I realize this list is more a personal indulgence than perhaps a piece that others are interested in, but as they say: it’s my blog and I can write what I want to. So here goes my list of things for which I’m grateful.

  1. Massages–I wish I could get these more often, and I’m talking about therapeutic massages, but any are nice. I have a soft tissue condition (chronic myofascial pain) which causes my muscles to knot and not release. This causes hard, rocklike nodules that can refer pain to all other sorts of areas in the body. Hard trigger point massage is about the only way to release these (or a long vacation in a hot place) and it’s painful. Unfortunately our medical system likes to think that massage isn’t necessary and in the long run it costs our system more. So massages I appreciate with a deep and undying love.

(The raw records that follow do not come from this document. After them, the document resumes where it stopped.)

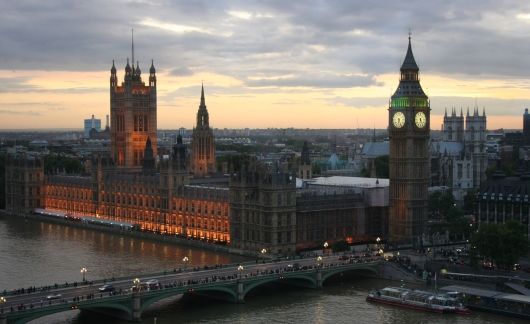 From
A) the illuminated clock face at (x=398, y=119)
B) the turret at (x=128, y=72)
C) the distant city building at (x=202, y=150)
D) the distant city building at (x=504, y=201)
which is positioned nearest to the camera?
the distant city building at (x=504, y=201)

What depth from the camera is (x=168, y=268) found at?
102312 mm

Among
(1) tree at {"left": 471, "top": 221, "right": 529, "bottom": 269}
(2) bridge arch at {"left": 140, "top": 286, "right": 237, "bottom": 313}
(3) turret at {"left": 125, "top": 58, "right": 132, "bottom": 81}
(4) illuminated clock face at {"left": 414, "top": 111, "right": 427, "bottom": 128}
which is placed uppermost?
(3) turret at {"left": 125, "top": 58, "right": 132, "bottom": 81}

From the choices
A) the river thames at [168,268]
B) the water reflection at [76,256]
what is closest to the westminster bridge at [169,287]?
the river thames at [168,268]

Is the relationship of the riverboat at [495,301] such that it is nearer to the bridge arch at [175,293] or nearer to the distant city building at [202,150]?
the bridge arch at [175,293]

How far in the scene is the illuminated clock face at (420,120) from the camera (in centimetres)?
11200

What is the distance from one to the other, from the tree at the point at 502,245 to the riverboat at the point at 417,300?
35.6 feet

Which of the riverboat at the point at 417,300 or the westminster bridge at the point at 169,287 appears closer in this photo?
the westminster bridge at the point at 169,287

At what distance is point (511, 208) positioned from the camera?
360 feet

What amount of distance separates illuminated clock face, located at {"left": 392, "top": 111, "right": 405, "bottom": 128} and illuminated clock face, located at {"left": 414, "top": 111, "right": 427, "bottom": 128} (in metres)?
1.66

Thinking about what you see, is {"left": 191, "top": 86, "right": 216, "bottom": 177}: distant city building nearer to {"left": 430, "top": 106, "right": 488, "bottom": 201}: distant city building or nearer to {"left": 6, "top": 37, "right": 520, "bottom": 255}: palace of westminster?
{"left": 6, "top": 37, "right": 520, "bottom": 255}: palace of westminster

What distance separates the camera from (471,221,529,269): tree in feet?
300

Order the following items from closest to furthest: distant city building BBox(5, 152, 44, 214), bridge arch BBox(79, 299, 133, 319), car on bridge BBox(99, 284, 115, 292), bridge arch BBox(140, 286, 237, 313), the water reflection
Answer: bridge arch BBox(79, 299, 133, 319) → bridge arch BBox(140, 286, 237, 313) → car on bridge BBox(99, 284, 115, 292) → the water reflection → distant city building BBox(5, 152, 44, 214)

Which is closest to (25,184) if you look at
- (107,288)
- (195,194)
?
(195,194)

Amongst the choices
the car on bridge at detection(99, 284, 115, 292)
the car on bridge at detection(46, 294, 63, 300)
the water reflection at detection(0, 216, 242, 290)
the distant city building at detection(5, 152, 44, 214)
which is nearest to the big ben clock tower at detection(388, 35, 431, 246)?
the water reflection at detection(0, 216, 242, 290)
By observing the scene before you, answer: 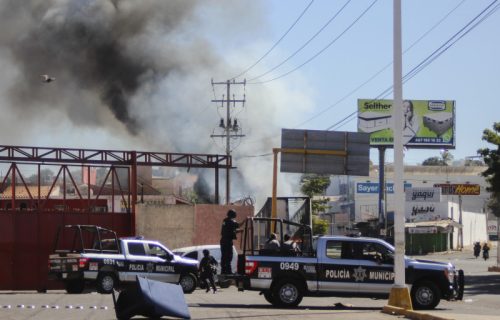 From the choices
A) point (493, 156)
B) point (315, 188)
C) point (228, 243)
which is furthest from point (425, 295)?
point (315, 188)

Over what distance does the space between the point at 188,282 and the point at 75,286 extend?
11.7ft

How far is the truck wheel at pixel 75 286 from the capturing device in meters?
25.6

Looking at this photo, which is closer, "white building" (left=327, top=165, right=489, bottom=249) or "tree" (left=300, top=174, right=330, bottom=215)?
"tree" (left=300, top=174, right=330, bottom=215)

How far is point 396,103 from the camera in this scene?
1762cm

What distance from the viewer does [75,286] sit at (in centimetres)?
2569

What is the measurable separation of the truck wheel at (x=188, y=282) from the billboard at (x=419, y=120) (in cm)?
3682

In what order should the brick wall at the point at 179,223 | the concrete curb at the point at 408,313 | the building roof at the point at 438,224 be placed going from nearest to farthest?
the concrete curb at the point at 408,313 < the brick wall at the point at 179,223 < the building roof at the point at 438,224

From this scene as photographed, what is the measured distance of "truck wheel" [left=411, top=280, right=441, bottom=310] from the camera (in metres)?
19.4

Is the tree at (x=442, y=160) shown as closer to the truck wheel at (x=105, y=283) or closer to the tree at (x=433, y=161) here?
the tree at (x=433, y=161)

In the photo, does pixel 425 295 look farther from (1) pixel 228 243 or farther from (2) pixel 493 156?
(2) pixel 493 156

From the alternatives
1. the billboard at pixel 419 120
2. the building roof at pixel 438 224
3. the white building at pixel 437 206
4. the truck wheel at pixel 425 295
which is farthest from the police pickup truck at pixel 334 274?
the building roof at pixel 438 224

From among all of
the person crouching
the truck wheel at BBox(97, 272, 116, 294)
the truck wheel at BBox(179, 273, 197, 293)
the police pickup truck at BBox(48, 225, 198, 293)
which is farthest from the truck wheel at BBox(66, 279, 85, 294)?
the person crouching

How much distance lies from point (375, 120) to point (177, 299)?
49.8 m

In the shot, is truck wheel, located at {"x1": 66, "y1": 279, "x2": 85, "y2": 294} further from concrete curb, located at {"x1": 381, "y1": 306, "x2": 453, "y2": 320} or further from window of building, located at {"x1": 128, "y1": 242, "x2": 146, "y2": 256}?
concrete curb, located at {"x1": 381, "y1": 306, "x2": 453, "y2": 320} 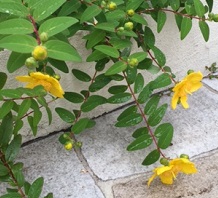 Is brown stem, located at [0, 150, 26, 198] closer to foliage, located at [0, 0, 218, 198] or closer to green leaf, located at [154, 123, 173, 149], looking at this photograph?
foliage, located at [0, 0, 218, 198]

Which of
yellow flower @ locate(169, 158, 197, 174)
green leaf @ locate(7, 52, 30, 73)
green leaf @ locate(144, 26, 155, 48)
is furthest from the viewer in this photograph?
green leaf @ locate(144, 26, 155, 48)

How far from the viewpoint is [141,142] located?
1468 millimetres

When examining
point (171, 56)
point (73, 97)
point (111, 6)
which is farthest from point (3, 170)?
point (171, 56)

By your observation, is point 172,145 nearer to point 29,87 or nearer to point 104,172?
point 104,172

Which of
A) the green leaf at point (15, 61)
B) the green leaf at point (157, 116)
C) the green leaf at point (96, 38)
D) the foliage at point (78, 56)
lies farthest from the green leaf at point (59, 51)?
the green leaf at point (157, 116)

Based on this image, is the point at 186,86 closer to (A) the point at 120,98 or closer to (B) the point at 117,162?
(A) the point at 120,98

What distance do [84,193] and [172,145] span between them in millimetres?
404

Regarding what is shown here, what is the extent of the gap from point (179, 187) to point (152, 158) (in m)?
0.14

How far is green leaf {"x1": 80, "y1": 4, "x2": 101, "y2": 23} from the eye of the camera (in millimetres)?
1382

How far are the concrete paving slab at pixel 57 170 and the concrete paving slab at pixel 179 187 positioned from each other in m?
0.10

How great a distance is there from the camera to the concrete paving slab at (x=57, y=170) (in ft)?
4.88

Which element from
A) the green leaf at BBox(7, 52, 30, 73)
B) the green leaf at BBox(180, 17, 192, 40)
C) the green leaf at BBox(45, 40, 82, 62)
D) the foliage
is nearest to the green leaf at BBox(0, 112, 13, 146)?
the foliage

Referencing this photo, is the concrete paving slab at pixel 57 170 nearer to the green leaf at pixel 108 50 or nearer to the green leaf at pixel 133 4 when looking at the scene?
the green leaf at pixel 108 50

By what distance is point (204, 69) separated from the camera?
2133mm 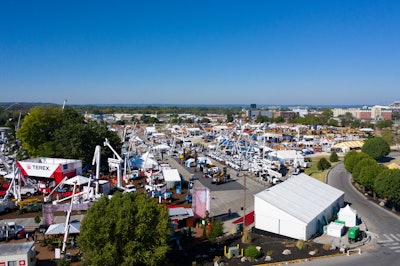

  2. Dreams–These are the dreams of sleep, not of the waking hour. We spend a third of our lives sleeping (more or less) and in a way it seems a waste not to do something. Of course, our bodies replenish their stores so that we can function properly in our waking hours, but it doesn’t always seem enough. So I love remembering my dreams. They’re rarely mundane and run the gamut to strange adventures and even stranger lands. And yes, I have managed to write quite a few dreams into stories or poems.
  3. Faerieworlds–I’ll write a review of this event in the next day or two, but it was such a good time for just camping, hanging out, wandering about and listening to some awesome bands, that I’d do it again. Oh and the wings. What fun to dress up as fairies just because you can. There were some astounding outfits and spontaneous performance art by people attending. It gave me ideas!
  4. My Brain–Oh brain, where would I be without you? A brain is something not to waste, which means I don’t want to spend all my evenings being a couch potato. I want to explore, do new things, have varying adventures from socializing with friends, to reading, writing or hiking. The brain is complex and not always knowable even to ourselves. I hope it continues to work well and to expand in knowledge and memory.
  5. Randomness–What a humdrum place our world would be if it was completely regimented. Not all surprises are good and not all random things go well but to see or experience the unexpected, to not know what is around every corner, now that is what keeps us living and moving and adapting. I love random things. In fact I like randomness so much that I abhor schedules. Ah to live a very random life.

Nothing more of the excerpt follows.